I suppose it's a safe bet that the company's polling base was under-represented among First Nations populations and so this may be weighted toward the non-FN majority.
A lot (78%) are worried that the protests have damaged Canada's reputation as a place for investment. There you go.
On a party basis, Tory respondents are far more on the economy/law and order side (89%). Justin's Liberals, however, give the edge to indigenous rights/environment by 55%. Only 24% of New Dems chose the economy/law and order option. I wonder what Horgan is going to make of that, especially if this turns ugly.

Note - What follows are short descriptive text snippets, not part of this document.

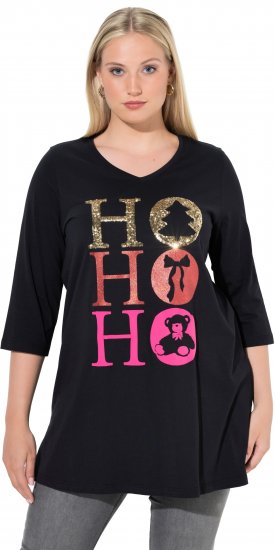Ulla Popken Ho Ho Ho 3/4 Sleeve Graphic Tunic Tee Black - Μπλουζάκια - 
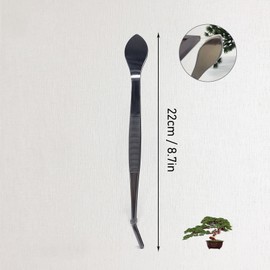 Bonsai Tweezers Curved Tip Stainless Steel with Spatula, Professional and, Easy to Use and Maintain for Garden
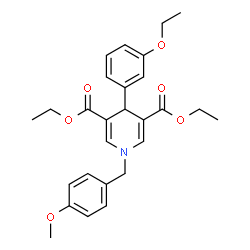 ChemSpider 2D Image | Diethyl 4-(3-ethoxyphenyl)-1-(4-methoxybenzyl)-1,4-dihydro-3,5-pyridinedicarboxylate | C27H31NO6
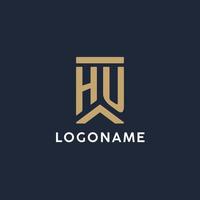 hoezo eerste monogram logo ontwerp in een rechthoekig stijl met gebogen zijden vector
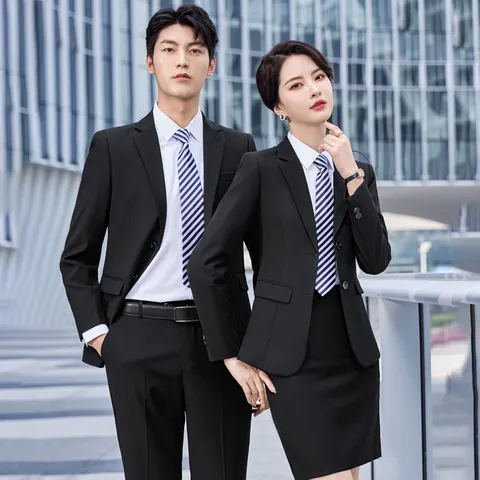 Business Suit Top And Bottom For Men Women Slim Fit Professional Formal Office Uniform Notched Lapel Blazer Trousers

Team "Use of Force" or, as I call them, the Tories, support the force option by a bloodthirsty 89 per cent. The Libs and New Dems favour the talking option by 60 and 79 per cent respectively.
Respondents were asked whether they thought the protesters were 'troublemakers' or 'committed people taking a stand on something they feel strongly about.' BC was evenly split. Alberta and Saskatchewan, however, were heavily on the troublemaker option. Ontario, Quebec and Atlantic Canada give a solid nod to the protesters.

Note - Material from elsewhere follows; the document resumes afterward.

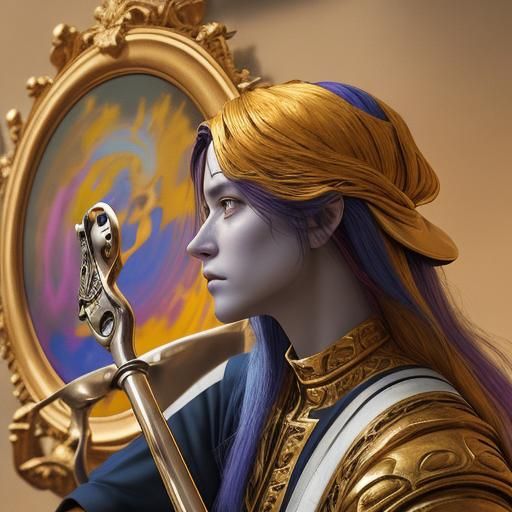 renaissance painting yellow and purple yellow and blue deep ...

It looks like the media slant has scored a hit with the population. Canadians have bought into 'elected chiefs' as the proper voice of First Nations. And, by wildly huge numbers, they're ready to put the blame on Trudeau for the whole mess. Only Liberals support the prime minister and, even then, by a 50/41 per cent margin.
For the other players it's also dismal. Horgan is polling at 18 per cent. Kenney's numbers mirror Trudeau's - 50 yea to 40 nay. Ford comes in even lower than Horgan at a dreary 15 per cent. Legault's numbers are favourable but not by that much, 41 to 37 per cent.
No one is looking good on this. That, I expect, will make Horgan and Trudeau hesitant to use muscle lest something goes horribly wrong and they get their very own Ipperwash and hand the First Nations another Dudley George.
Added into their political calculus has to be the Coastal Gaslink venture and whether the gas line to Kitimat is any more economically valid than Teck's Frontier mine proposal. Nobody in Asia is paying $9/million BTU for methane. They're barely paying half that. And with massive new gas fields reportedly being discovered in the Russian sector of the Arctic Ocean, Canada's break even price may be a distant memory. Is that worth fighting over?